ソフトウエア科学領域【デファゴ研究室】
■ Research Overview
A distributed system consists of a collection of programs (called
processes) spread geographically (running on different processors),
a communication medium, and, most importantly, protocols to ensure
agreement, synchronization and cooperation among the processes.
In particular, the whole system must appear to its users as a
single coherent system rather than as a collection of its parts.

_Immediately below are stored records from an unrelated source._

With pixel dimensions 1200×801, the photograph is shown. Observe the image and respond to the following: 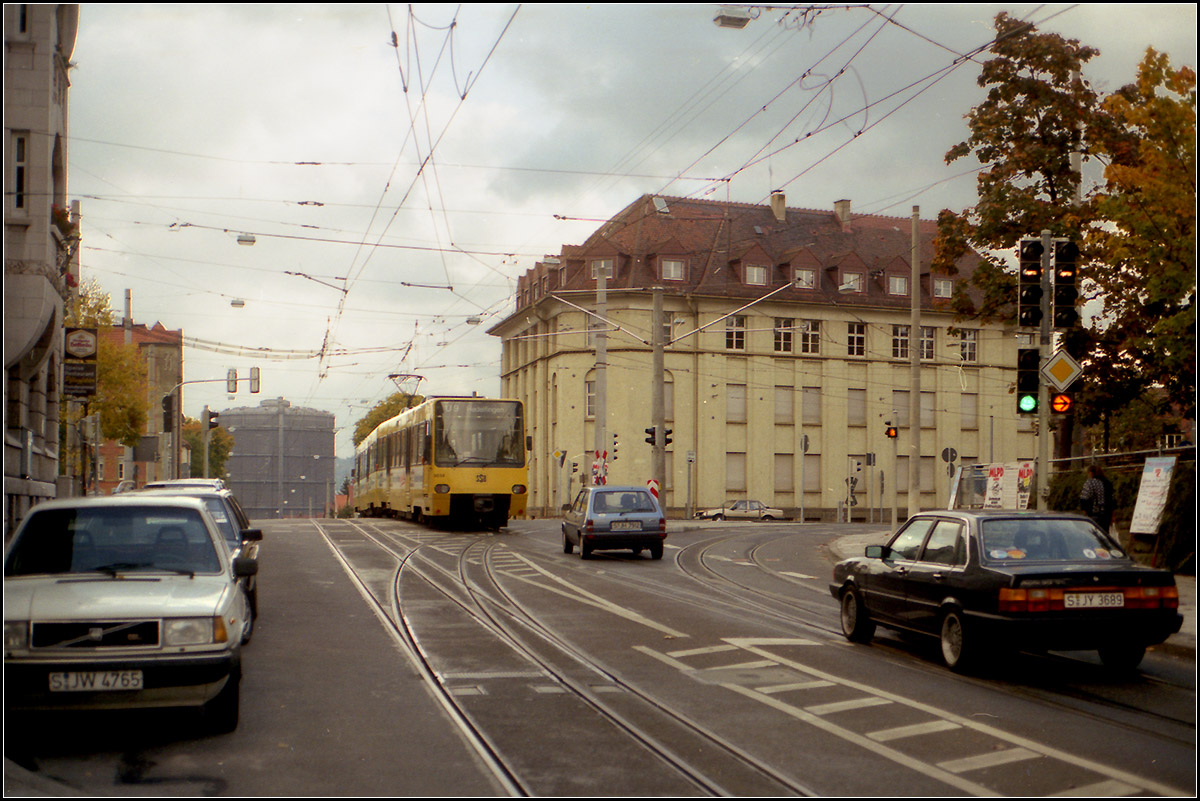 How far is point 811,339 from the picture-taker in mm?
67562

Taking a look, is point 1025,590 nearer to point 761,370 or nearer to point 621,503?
point 621,503

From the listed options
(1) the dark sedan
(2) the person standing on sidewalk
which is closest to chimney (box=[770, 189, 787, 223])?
(2) the person standing on sidewalk

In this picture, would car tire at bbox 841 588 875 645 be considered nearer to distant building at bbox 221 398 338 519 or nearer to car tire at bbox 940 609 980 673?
car tire at bbox 940 609 980 673

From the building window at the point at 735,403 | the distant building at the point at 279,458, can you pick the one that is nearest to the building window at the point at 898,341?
the building window at the point at 735,403

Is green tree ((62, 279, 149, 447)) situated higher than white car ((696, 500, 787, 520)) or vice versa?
green tree ((62, 279, 149, 447))

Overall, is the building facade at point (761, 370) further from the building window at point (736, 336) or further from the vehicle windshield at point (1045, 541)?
the vehicle windshield at point (1045, 541)

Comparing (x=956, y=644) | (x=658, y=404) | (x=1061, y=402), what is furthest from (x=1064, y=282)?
(x=658, y=404)

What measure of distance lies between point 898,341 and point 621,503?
46972 millimetres

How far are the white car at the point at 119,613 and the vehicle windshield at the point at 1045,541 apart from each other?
20.7ft

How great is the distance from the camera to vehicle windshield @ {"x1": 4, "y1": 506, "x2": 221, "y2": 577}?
28.0ft

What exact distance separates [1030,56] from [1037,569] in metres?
22.5

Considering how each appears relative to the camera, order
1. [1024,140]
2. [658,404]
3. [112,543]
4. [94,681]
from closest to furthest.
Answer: [94,681]
[112,543]
[1024,140]
[658,404]

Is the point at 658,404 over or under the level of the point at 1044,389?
over

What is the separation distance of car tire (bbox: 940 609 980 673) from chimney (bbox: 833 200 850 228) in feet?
210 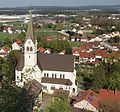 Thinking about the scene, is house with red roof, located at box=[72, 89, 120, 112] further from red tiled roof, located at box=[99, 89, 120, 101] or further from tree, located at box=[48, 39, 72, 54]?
tree, located at box=[48, 39, 72, 54]

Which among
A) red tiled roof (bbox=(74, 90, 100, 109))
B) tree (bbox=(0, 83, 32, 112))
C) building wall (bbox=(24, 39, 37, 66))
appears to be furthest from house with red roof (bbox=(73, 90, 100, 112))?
tree (bbox=(0, 83, 32, 112))

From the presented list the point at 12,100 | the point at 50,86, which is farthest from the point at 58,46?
the point at 12,100

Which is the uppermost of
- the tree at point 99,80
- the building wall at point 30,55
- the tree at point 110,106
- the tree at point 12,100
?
the tree at point 12,100

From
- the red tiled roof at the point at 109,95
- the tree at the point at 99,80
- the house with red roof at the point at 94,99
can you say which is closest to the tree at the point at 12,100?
the house with red roof at the point at 94,99

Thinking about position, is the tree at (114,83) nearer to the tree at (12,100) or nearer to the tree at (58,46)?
the tree at (12,100)

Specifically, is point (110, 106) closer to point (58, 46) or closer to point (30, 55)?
point (30, 55)

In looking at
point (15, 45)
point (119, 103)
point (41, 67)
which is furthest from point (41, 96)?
point (15, 45)

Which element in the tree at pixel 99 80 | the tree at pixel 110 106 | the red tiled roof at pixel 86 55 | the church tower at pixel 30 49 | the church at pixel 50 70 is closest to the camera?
the tree at pixel 110 106

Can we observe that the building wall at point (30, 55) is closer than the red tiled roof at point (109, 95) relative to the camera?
No

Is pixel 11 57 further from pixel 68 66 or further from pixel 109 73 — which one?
pixel 109 73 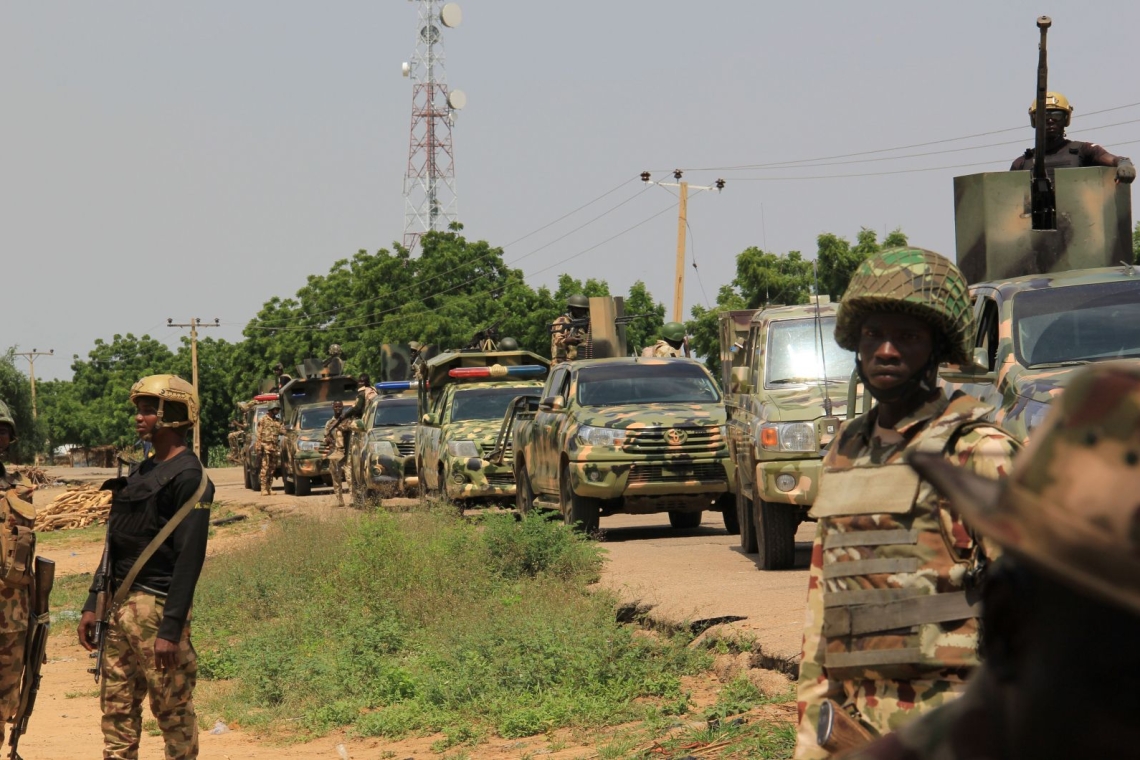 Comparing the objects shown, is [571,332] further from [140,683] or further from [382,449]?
[140,683]

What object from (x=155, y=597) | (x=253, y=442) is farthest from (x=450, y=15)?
(x=155, y=597)

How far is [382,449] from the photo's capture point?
24.5 meters

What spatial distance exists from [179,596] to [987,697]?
5418mm

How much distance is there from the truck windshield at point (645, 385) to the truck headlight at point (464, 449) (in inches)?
154

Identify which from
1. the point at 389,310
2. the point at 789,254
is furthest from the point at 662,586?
the point at 389,310

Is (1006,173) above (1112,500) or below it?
above

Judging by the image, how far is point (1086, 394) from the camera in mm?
1074

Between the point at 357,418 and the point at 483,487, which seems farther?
the point at 357,418

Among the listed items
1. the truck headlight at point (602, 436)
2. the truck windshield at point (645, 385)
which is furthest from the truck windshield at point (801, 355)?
the truck windshield at point (645, 385)

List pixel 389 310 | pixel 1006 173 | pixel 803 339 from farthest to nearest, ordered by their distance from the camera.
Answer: pixel 389 310, pixel 803 339, pixel 1006 173

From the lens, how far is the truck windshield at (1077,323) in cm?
843

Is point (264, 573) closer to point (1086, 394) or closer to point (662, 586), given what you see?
point (662, 586)

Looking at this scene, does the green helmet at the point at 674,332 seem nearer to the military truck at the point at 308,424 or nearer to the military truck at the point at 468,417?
the military truck at the point at 468,417

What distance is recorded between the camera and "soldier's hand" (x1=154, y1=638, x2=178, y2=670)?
6156 millimetres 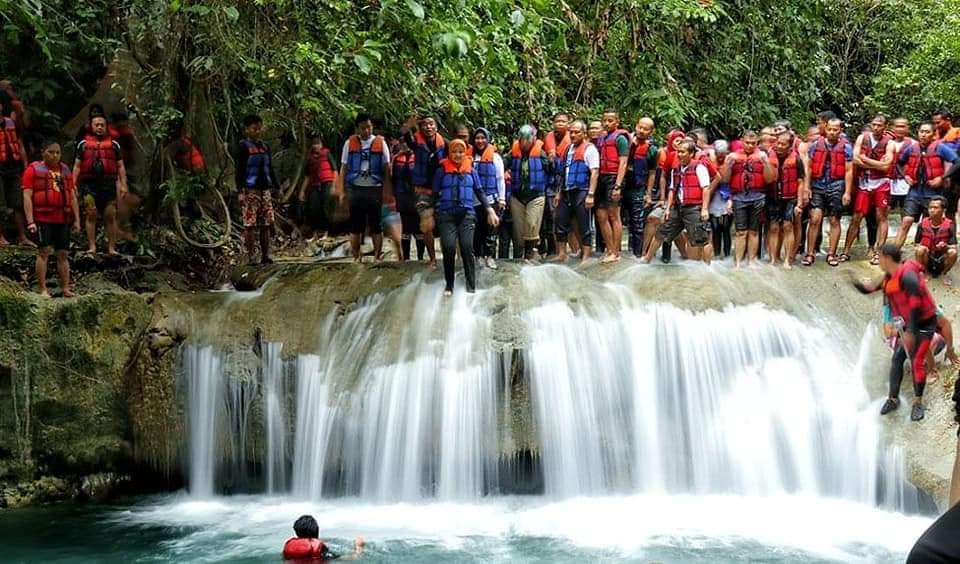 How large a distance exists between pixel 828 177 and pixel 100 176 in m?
8.00

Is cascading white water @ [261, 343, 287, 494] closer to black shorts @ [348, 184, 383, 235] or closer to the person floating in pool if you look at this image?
black shorts @ [348, 184, 383, 235]

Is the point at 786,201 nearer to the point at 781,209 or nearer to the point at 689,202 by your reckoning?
the point at 781,209

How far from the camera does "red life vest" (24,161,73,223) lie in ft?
30.8

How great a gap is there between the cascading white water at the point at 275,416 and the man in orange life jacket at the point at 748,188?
5.11 metres

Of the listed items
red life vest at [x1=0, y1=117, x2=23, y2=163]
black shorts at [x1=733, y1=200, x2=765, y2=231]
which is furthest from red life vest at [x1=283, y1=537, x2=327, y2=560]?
red life vest at [x1=0, y1=117, x2=23, y2=163]

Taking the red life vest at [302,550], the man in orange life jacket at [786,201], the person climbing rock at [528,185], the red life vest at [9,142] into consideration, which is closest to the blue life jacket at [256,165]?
the red life vest at [9,142]

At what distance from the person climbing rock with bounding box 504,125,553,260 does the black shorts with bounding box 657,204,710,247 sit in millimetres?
1430

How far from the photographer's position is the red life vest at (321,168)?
13.0 metres

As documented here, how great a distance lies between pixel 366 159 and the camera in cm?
1044

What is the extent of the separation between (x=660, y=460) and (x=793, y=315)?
2.15 meters

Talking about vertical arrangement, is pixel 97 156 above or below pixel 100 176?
above

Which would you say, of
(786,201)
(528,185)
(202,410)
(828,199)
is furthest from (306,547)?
(828,199)

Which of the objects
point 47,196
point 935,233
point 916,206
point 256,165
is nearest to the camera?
point 47,196

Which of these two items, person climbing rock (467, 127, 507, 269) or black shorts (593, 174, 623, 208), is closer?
person climbing rock (467, 127, 507, 269) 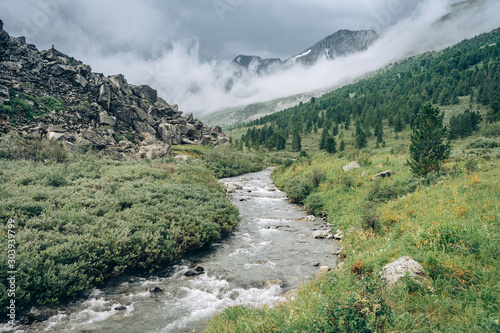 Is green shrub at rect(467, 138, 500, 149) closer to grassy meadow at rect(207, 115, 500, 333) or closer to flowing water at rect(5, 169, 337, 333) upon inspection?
grassy meadow at rect(207, 115, 500, 333)

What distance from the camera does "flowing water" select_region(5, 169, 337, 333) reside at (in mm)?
8352

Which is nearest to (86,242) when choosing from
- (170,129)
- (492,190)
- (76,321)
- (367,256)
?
(76,321)

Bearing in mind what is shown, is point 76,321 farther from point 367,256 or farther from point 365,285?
point 367,256

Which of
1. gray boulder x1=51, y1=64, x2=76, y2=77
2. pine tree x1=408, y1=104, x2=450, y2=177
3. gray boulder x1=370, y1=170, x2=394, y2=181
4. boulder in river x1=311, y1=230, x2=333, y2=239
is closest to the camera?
boulder in river x1=311, y1=230, x2=333, y2=239

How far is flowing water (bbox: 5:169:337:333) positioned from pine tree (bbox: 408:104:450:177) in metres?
10.0

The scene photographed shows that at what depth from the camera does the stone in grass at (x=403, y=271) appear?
667 centimetres

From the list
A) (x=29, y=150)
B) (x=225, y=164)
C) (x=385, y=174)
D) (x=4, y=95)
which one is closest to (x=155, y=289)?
(x=385, y=174)

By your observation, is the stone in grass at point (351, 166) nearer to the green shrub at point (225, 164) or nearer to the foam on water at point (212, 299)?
the foam on water at point (212, 299)

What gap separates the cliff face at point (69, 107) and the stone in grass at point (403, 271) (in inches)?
1647

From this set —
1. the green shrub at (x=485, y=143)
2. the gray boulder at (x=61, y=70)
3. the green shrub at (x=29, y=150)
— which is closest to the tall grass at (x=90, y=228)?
the green shrub at (x=29, y=150)

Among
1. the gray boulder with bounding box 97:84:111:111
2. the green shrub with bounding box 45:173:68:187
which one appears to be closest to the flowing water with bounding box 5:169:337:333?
the green shrub with bounding box 45:173:68:187

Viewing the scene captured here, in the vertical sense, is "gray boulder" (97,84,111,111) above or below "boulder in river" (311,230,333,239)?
above

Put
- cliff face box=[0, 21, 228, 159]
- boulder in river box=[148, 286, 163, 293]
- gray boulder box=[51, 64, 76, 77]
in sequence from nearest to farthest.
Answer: boulder in river box=[148, 286, 163, 293] → cliff face box=[0, 21, 228, 159] → gray boulder box=[51, 64, 76, 77]

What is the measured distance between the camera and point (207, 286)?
1085 centimetres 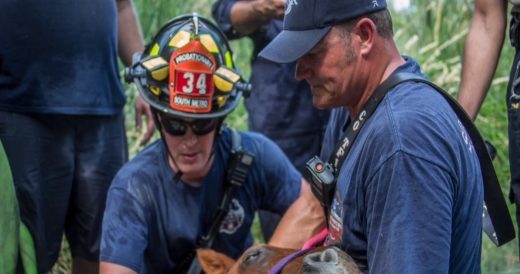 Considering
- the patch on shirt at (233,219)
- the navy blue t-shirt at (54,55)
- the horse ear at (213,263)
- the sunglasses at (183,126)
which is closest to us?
the horse ear at (213,263)

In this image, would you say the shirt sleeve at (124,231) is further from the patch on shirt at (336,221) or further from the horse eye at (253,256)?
the patch on shirt at (336,221)

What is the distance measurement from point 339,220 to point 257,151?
1659 millimetres

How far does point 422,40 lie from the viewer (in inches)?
307

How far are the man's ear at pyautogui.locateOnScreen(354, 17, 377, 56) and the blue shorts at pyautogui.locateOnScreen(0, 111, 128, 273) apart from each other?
2.03m

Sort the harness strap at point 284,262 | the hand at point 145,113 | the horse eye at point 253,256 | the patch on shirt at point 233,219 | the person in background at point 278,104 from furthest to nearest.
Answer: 1. the person in background at point 278,104
2. the hand at point 145,113
3. the patch on shirt at point 233,219
4. the horse eye at point 253,256
5. the harness strap at point 284,262

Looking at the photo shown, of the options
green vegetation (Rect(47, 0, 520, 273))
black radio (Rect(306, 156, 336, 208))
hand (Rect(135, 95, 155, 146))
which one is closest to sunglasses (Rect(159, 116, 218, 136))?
hand (Rect(135, 95, 155, 146))

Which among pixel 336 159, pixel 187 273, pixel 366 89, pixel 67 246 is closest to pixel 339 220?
pixel 336 159

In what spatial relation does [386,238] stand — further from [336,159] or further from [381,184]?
[336,159]

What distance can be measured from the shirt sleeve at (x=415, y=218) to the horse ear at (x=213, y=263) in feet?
3.94

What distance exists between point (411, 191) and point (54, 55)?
2.35 metres

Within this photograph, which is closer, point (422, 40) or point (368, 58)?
point (368, 58)

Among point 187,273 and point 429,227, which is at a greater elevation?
point 429,227

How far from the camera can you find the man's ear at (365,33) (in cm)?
311

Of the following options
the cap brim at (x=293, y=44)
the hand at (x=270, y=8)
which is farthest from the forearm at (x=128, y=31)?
the cap brim at (x=293, y=44) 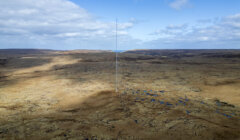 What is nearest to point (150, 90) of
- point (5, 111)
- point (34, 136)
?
point (34, 136)

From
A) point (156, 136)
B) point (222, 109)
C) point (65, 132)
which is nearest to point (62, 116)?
point (65, 132)

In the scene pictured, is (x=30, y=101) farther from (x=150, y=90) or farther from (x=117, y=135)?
(x=150, y=90)

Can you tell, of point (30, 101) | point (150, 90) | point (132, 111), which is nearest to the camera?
point (132, 111)

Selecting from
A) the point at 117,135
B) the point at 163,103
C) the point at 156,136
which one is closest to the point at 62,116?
the point at 117,135

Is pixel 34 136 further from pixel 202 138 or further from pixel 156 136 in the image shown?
pixel 202 138

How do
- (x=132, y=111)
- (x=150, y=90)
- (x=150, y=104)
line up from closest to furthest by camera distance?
(x=132, y=111)
(x=150, y=104)
(x=150, y=90)

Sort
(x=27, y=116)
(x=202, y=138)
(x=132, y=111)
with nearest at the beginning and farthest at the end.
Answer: (x=202, y=138) → (x=27, y=116) → (x=132, y=111)

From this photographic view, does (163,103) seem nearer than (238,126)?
No

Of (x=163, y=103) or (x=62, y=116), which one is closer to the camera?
(x=62, y=116)

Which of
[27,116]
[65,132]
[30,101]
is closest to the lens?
[65,132] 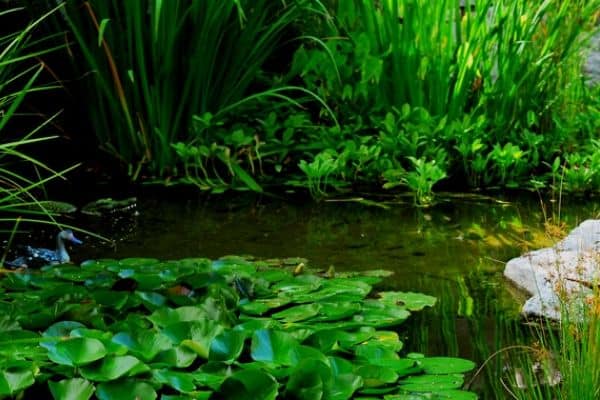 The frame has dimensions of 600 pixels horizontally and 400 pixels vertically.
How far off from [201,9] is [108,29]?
0.42 m

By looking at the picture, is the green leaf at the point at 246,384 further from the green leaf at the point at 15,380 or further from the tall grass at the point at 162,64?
the tall grass at the point at 162,64

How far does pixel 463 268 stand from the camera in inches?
121

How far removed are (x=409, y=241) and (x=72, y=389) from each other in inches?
70.3

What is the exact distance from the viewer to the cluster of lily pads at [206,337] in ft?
6.17

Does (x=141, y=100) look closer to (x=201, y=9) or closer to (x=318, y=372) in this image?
(x=201, y=9)

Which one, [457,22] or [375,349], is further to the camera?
[457,22]

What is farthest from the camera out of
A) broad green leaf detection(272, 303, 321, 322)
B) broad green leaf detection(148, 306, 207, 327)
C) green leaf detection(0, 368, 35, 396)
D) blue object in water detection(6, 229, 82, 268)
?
blue object in water detection(6, 229, 82, 268)

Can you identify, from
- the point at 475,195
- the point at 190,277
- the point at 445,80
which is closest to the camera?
the point at 190,277

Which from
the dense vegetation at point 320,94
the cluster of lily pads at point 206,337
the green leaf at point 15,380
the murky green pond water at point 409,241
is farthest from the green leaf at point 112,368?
the dense vegetation at point 320,94

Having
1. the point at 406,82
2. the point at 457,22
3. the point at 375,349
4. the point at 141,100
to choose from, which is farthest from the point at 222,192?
the point at 375,349

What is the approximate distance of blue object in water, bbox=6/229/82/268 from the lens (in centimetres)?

From real-time embedded systems to enterprise information systems,
and from power grid control to the Internet, most systems in our
current society are distributed. For this reason, distributed systems
must be able to survive even after the failure of some of its components.
Our research focuses on two goals: making processes work together,
and helping the system survive even if some processors/programs
fail.
■ Main Research Projects
Distributed agreement & failure detection
We develop algorithms to support fault-tolerant agreement between
processes. We have developed a novel approach to replicate running
programs. We have analyzed, classified, and improved several
fault-tolerant group communication algorithms. For robustness,
we consider that (1) communication delays are unpredictable,
and (2) messages can be lost during transit. This makes agreement
a very challenging problem.

Reaching agreement is highly dependent on the ability of running
processes to detect when other processes have crashed. Especially,
efficient failure detection is essential to ensure acceptable
performance in the event of a failure.
Be it on earth, in space, or on other planets, robots provide
an essential support in adverse and hazardous environments, e.g.,
for rescue after a natural catastrophe (e.g., earthquake, tsunami,
etc). Adequate coordination mechanisms must ensure that a coherent
group behavior of cheap mobile devices in hazardous environments,
for which fault-tolerance is a primary concern.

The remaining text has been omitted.